#### [TASK PROMPT]
Everything in the records below from the line containing "2LDK+S apartment in" through the line containing "Mercedes-Benz Klasa E" is to be reproduced exactly, those two lines included; no picture is to be copied.

#### [DATASET ENTRIES]
──────

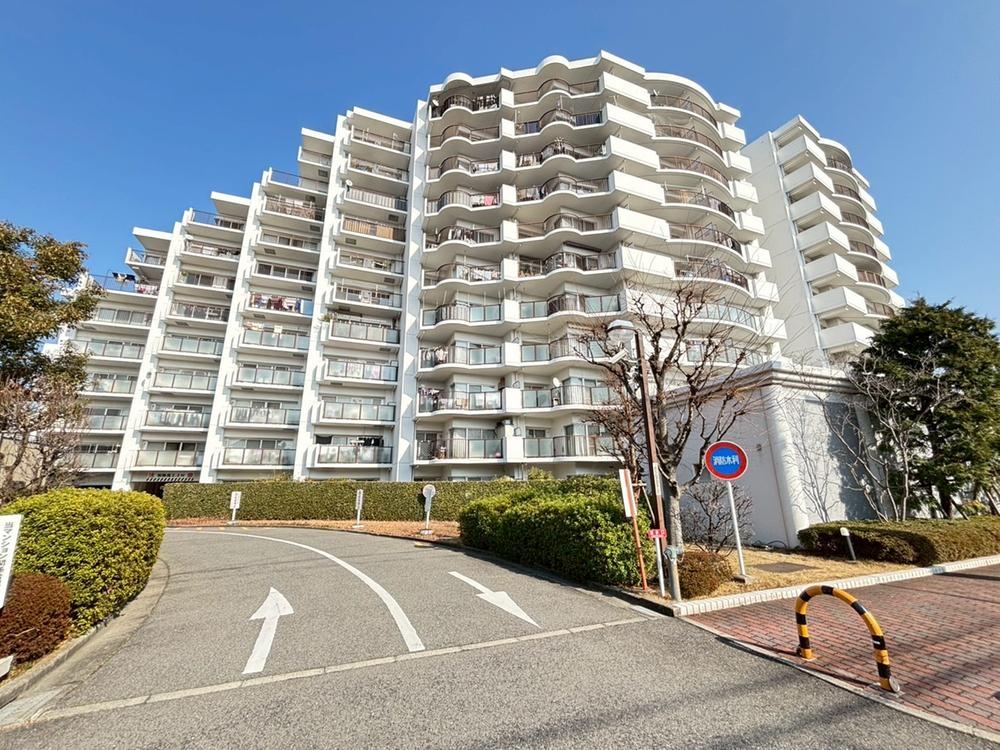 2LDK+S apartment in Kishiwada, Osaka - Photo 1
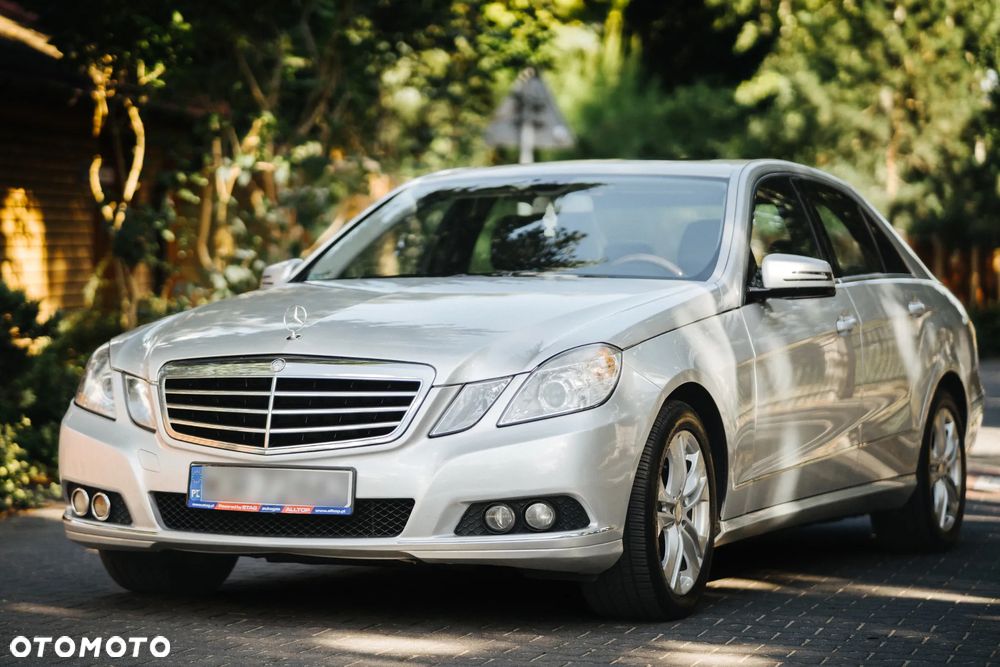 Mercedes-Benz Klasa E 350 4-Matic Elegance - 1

──────

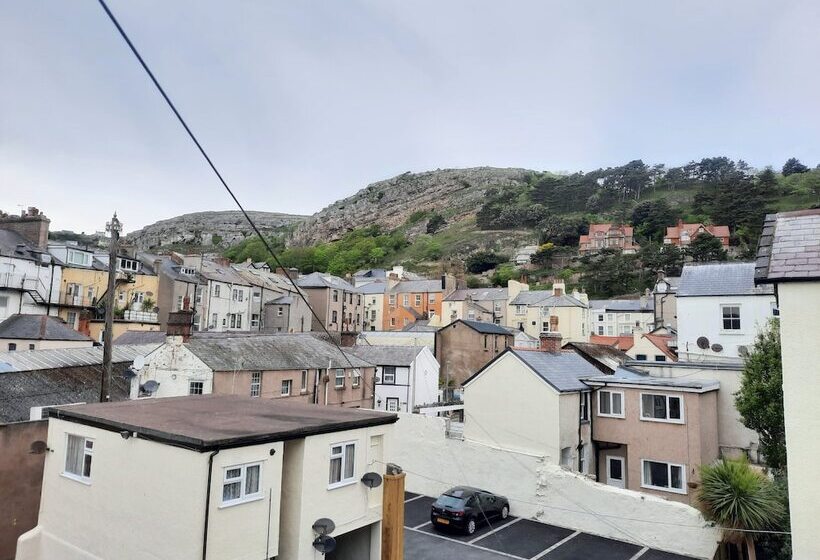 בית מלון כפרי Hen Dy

──────

#### [WRITTEN RESPONSE]
 2LDK+S apartment in Kishiwada, Osaka - Photo 1
 Mercedes-Benz Klasa E 350 4-Matic Elegance - 1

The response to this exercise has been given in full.